◆ **Required work**
Retype all entries exactly, skipping pictures.
=======
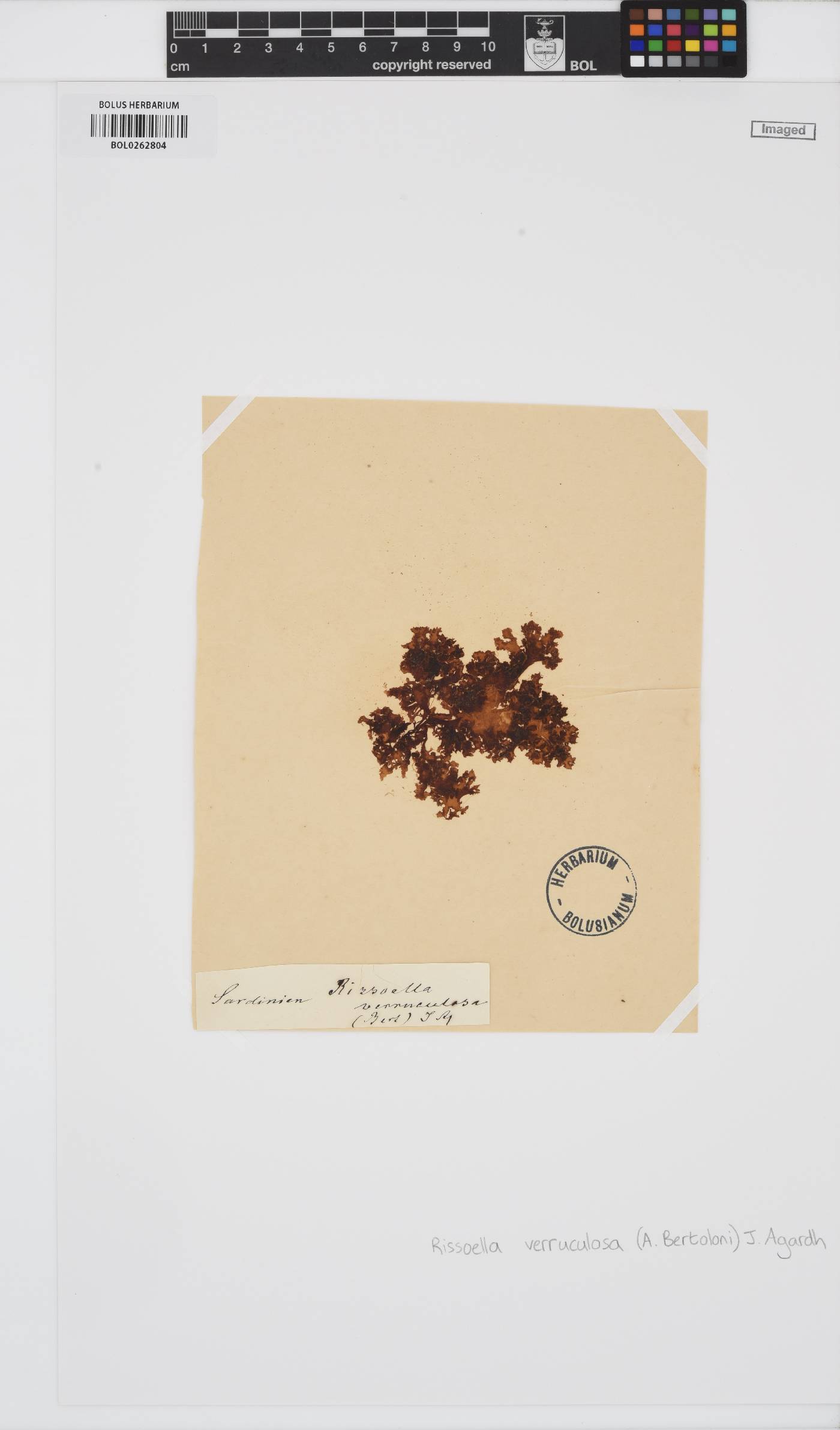 Osmunda regalis image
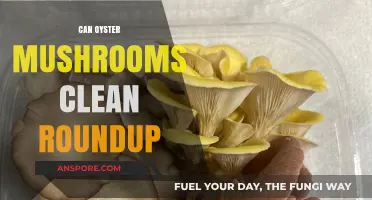 Oyster Mushrooms' Potential to Biodegrade Roundup: A Natural Solution?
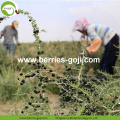 Fabrik-Versorgungs-Verpackung gesunde wilde schwarze Goji Beeren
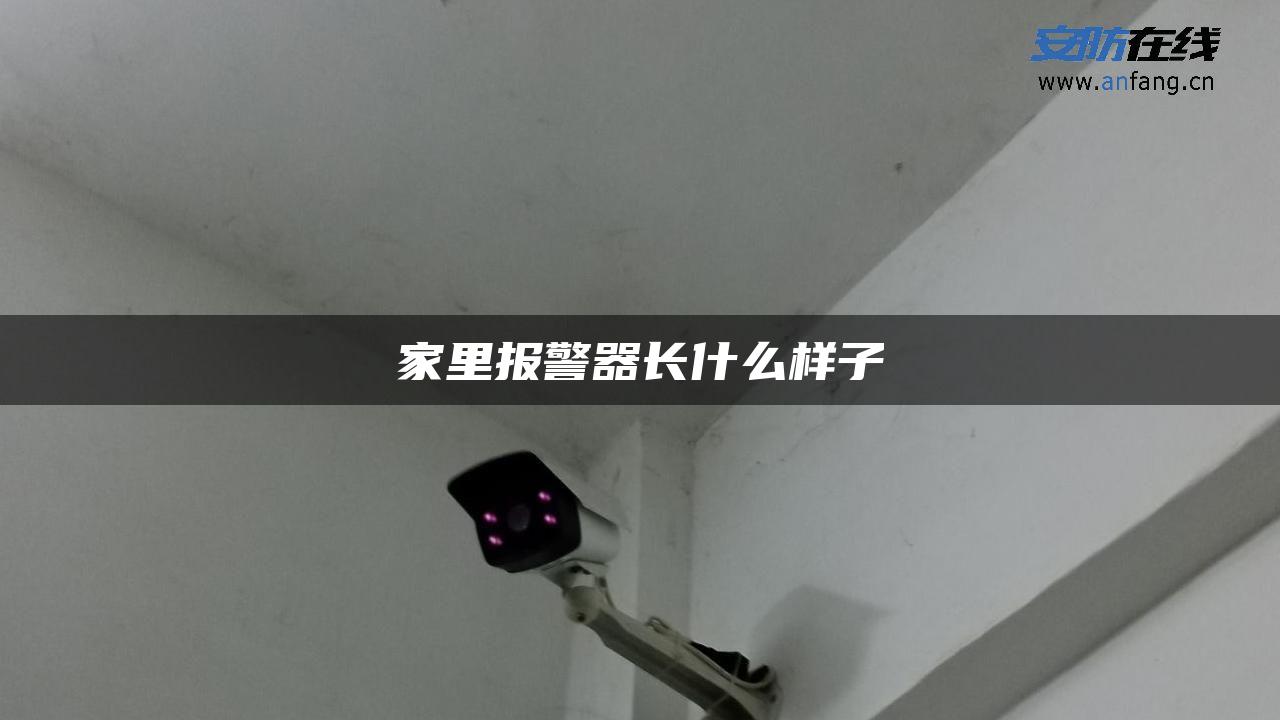 家里报警器长什么样子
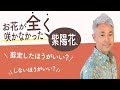 お花が全く咲かなかった紫陽花、剪定したほうがいい？しないほうがいい？【古屋が勝手に答えます】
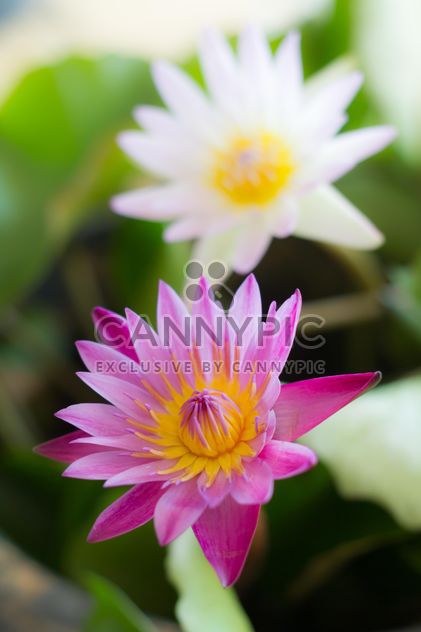 White and pink color lotus - бесплатный image #198061
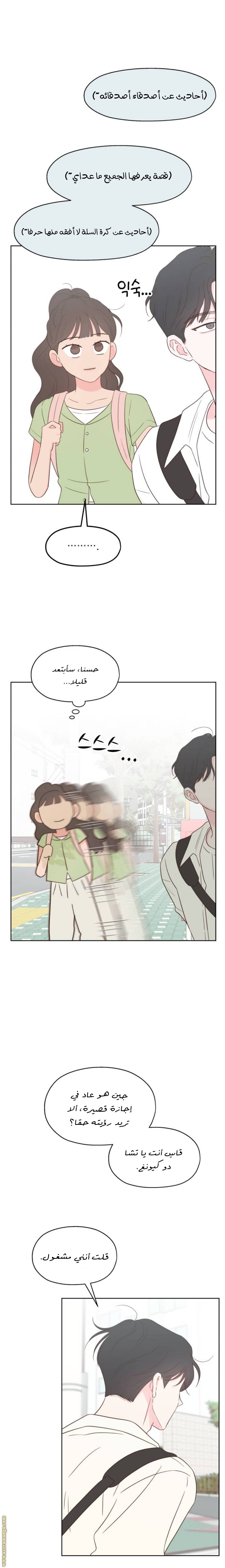 الصفحة 17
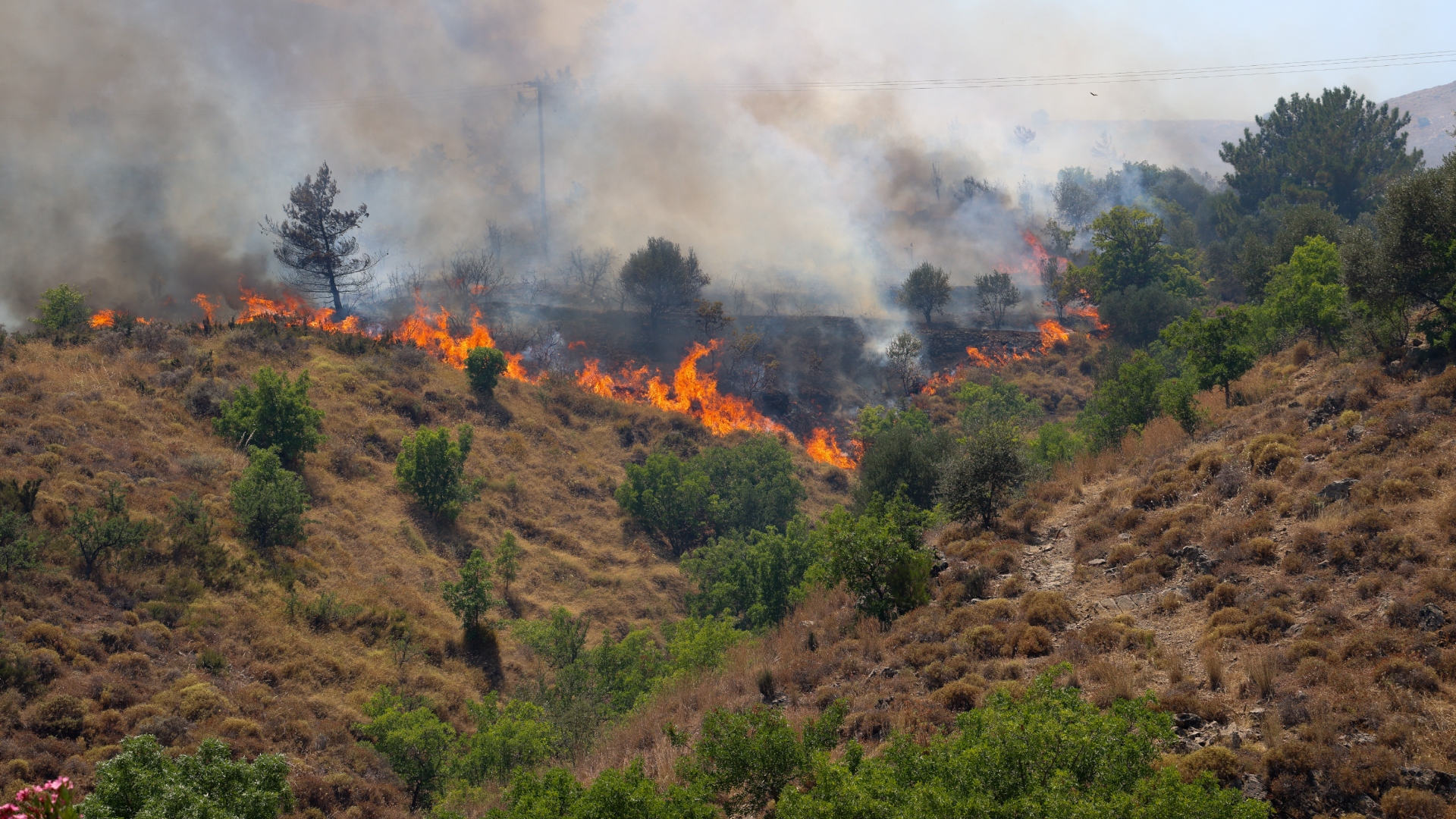 Φωτιά στη Χίο – Αλλεπάλληλα μηνύματα 112 για εκκενώσεις-3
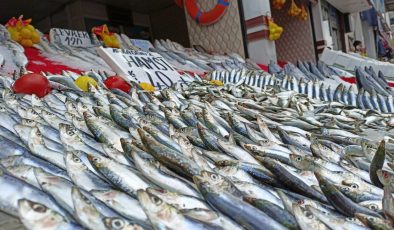 Balık fiyatları, bollaştıkça düşecek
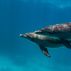 Dolphin pair in Egypt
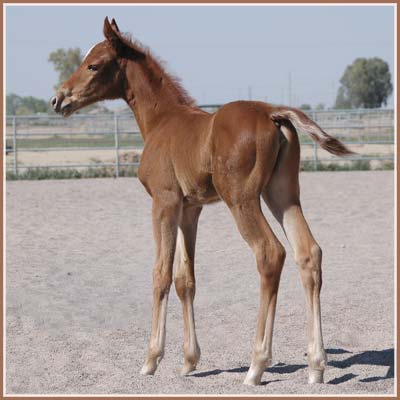 Reika - EH Lehndorff's Filly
=======
◆ **Completed task**
 Osmunda regalis image
 Oyster Mushrooms' Potential to Biodegrade Roundup: A Natural Solution?
 Fabrik-Versorgungs-Verpackung gesunde wilde schwarze Goji Beeren
 家里报警器长什么样子
 お花が全く咲かなかった紫陽花、剪定したほうがいい？しないほうがいい？【古屋が勝手に答えます】
 White and pink color lotus - бесплатный image #198061
 الصفحة 17
 Φωτιά στη Χίο – Αλλεπάλληλα μηνύματα 112 για εκκενώσεις-3
 Balık fiyatları, bollaştıkça düşecek
 Dolphin pair in Egypt
 Reika - EH Lehndorff's Filly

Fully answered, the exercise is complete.